Essay Genome Project applies algorithmic analysis to writing
Just like the Human Genome Project maps out DNA to understand the human body, the Essay Genome Project analyzes defining characteristics of essays for similarities between a student's work and a well-known classic or contemporary essayist.
An essay is classified as a short piece of writing on a particular subject.
"At times the essay has been considered the 'step-child' to other writing forms," Spotts said. "However, the essay is not a new writing tradition. It's been around for hundreds of years."
With technical assistance from the Office of Digital Humanities, Madden, Spotts, Bulsiewicz and a team of students created a corpus for the Essay Genome Project, a searchable compilation of essays by authors from the past 500 years. Corpus analysis has been previously used for poetry and drama, but the Essay Genome Project is the first to create a corpus for essays.
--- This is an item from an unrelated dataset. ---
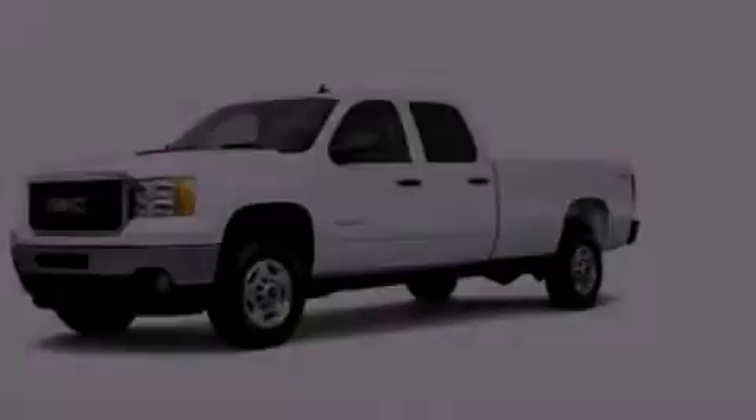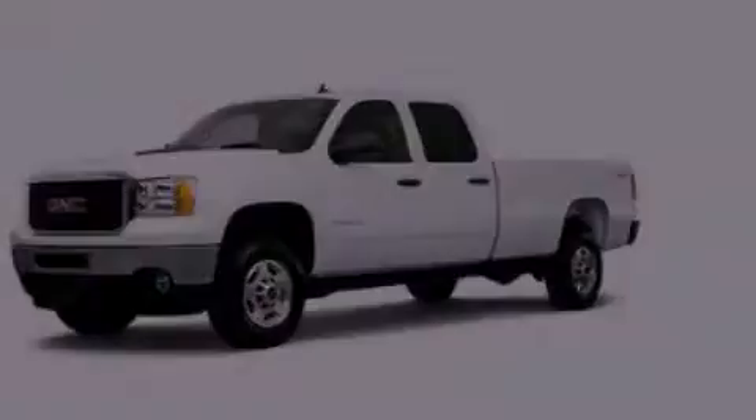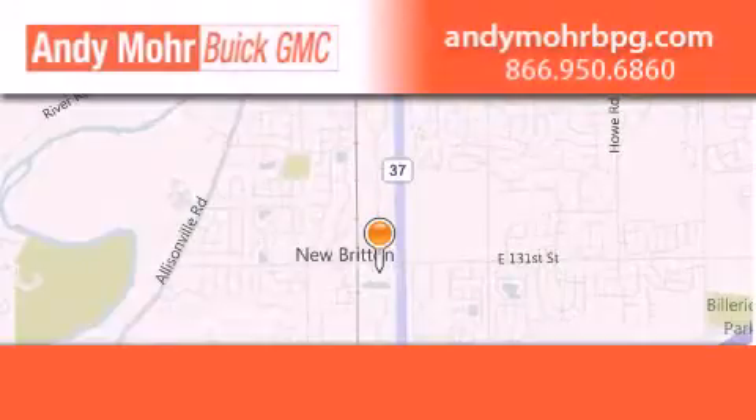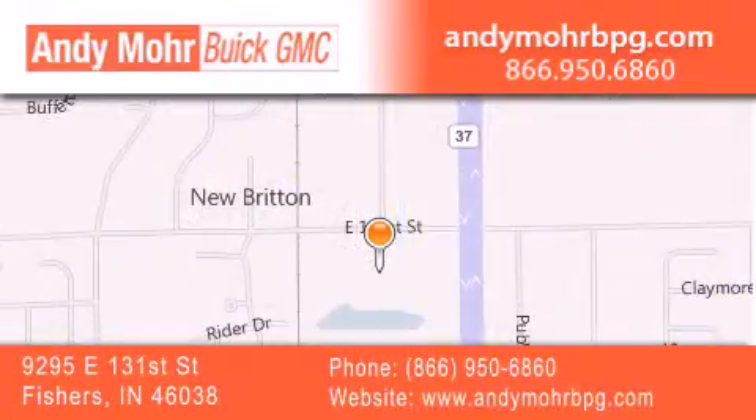Contact us today to arrange your test drive. Andy Moore Buick GMC is the place to find new and pre-owned cars and trucks in Indianapolis. You can search our new and used car inventory online, get new car pricing, and receive free no-obligation price quotes. Stop by and visit us at 9295 East 131st Street in Fishers, or see us online at AndyMooreBPG.com.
The essays in the corpus are analyzed by a computer algorithm that identifies the frequency at which authors use common words and phrases, as well as stylistic, tonal and formal similarities in the writing.
Anyone can submit their own essays or blog posts to the corpus. Within seconds the algorithm will share personalized information about their writing style, including a list of essayists with similar styles.
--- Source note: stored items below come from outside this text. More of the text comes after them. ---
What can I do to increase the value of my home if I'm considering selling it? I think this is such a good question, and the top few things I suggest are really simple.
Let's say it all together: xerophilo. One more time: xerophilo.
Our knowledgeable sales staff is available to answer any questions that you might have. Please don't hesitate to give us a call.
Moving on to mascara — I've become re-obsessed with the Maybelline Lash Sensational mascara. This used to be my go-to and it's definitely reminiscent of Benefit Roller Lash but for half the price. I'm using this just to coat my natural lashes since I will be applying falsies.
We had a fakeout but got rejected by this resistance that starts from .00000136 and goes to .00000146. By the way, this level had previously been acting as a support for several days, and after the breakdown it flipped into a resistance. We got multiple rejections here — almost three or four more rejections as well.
Not only does the corpus help writers improve their skill, but the research also examines which essayists have had the greatest influence throughout time and whether originality exists.
The corpus was designed to compare authors and the evolution of essay subjects through differing time periods and geographical locations. It also traces a writer's literary ancestors and descendants.
"We want students to read many essayists, not only contemporary ones," said Madden. "Students who are well versed develop an appreciation for the tradition of the essay, recognize the ways they've been influenced and make personal connections with past and present essayists."